Start of Collected material

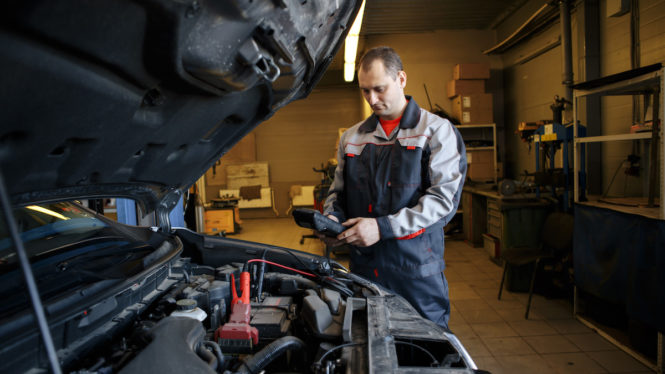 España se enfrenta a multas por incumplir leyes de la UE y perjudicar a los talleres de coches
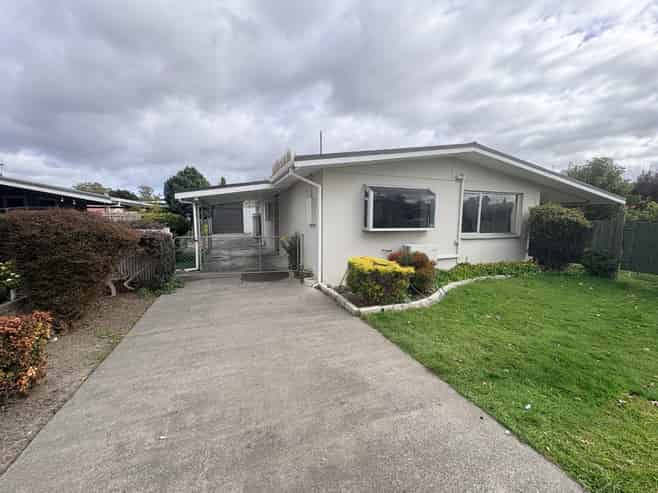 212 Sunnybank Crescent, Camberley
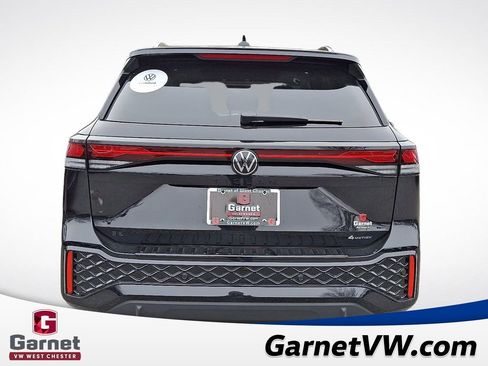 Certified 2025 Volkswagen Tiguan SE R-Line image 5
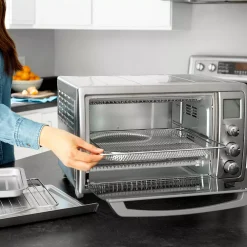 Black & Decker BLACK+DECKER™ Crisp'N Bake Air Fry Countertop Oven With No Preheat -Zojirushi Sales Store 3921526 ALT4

End of Collected material

Exercise aim: Reproduce the lines above exactly, please, but not the pictures in them.

Reply:
 España se enfrenta a multas por incumplir leyes de la UE y perjudicar a los talleres de coches
 212 Sunnybank Crescent, Camberley
 Certified 2025 Volkswagen Tiguan SE R-Line image 5
 Black & Decker BLACK+DECKER™ Crisp'N Bake Air Fry Countertop Oven With No Preheat -Zojirushi Sales Store 3921526 ALT4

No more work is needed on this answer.